* **Task description**
Make an exact transcript of the lines in the data below, starting with the one containing "Grün, Imitate Gold" and going on through the one containing "Download embroidery patterns", with both included and the pictures left out.
[Input — start]
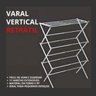 Varal Vertical Retrátil de Chão Branco - 6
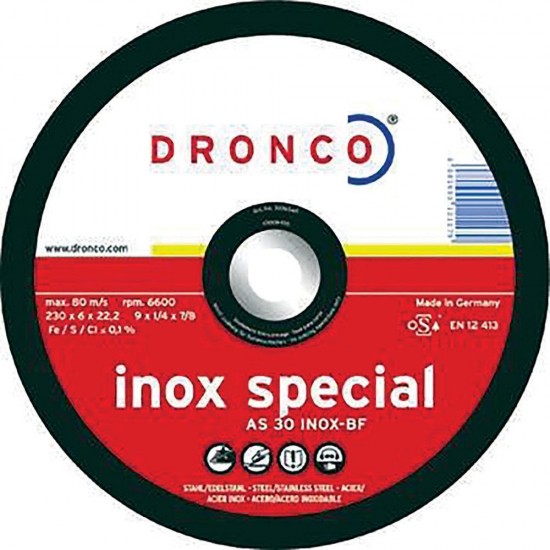 Δίσκος λείανσης για inox με κούρμπα 10τεμ. No230x6x22,23mm 3236540100 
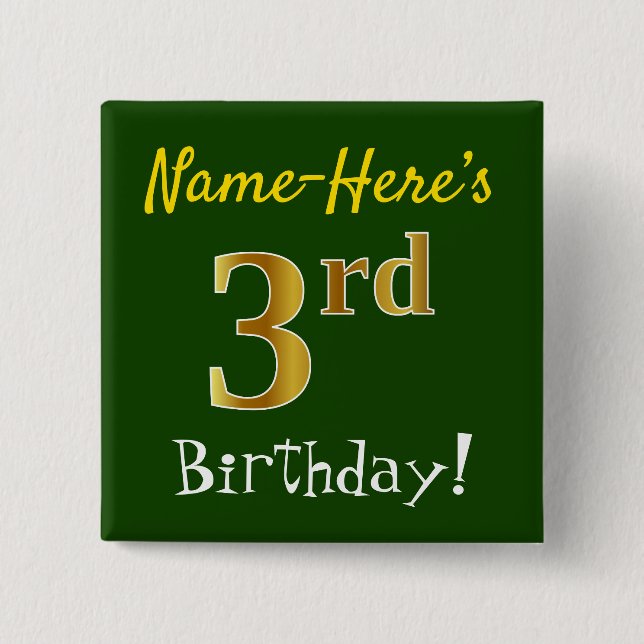 Grün, Imitate Gold 3. Geburtstag, mit Individuelle Button (Vorderseite)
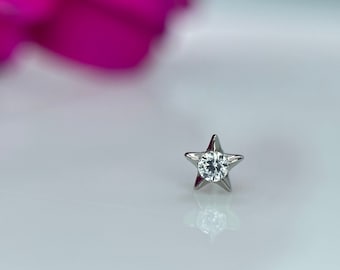 Titan Stern mit klaren Zirkonia 3 mm von ANATOMETAL Threadless Jewelry, perfekt für Helix, Nostril, Conch, Lobe, Flat & More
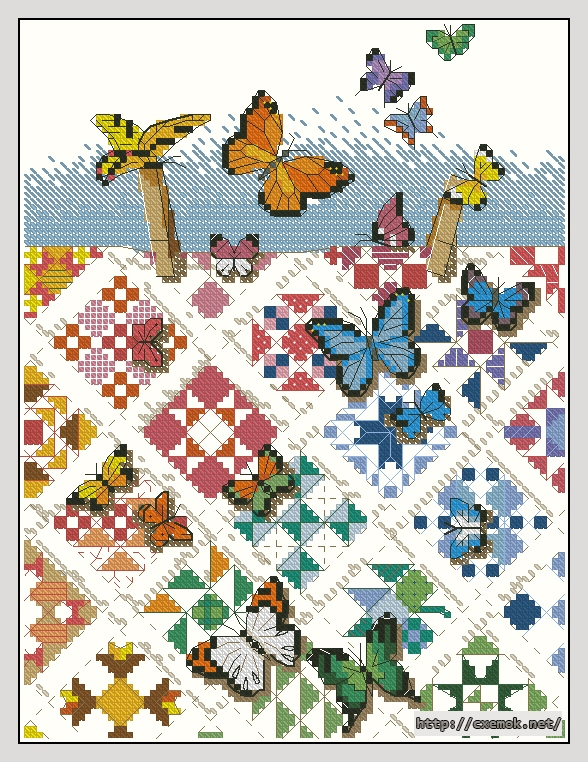 Download embroidery patterns by cross-stitch  - Butterflies on nine-patches, author 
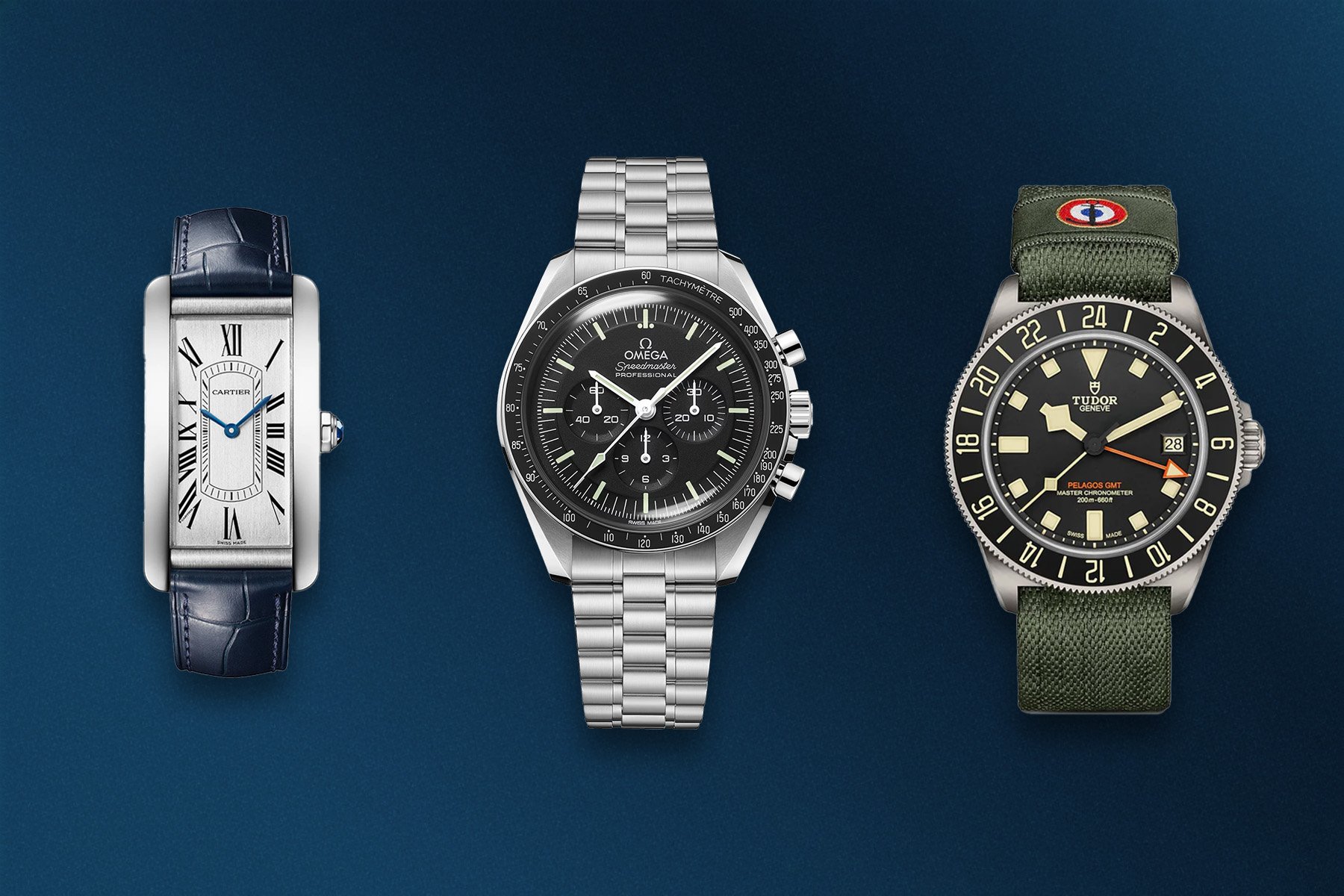 Fratello Talks: Fratello Talks: Building A €15,000 Watch Collection header image with Cartier Tank Americaine, Omega Speedmaster Professional, and Tudor Pelagos FXD GMT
[Input — finish]
* **Task output**
 Grün, Imitate Gold 3. Geburtstag, mit Individuelle Button (Vorderseite)
 Titan Stern mit klaren Zirkonia 3 mm von ANATOMETAL Threadless Jewelry, perfekt für Helix, Nostril, Conch, Lobe, Flat & More
 Download embroidery patterns by cross-stitch  - Butterflies on nine-patches, author 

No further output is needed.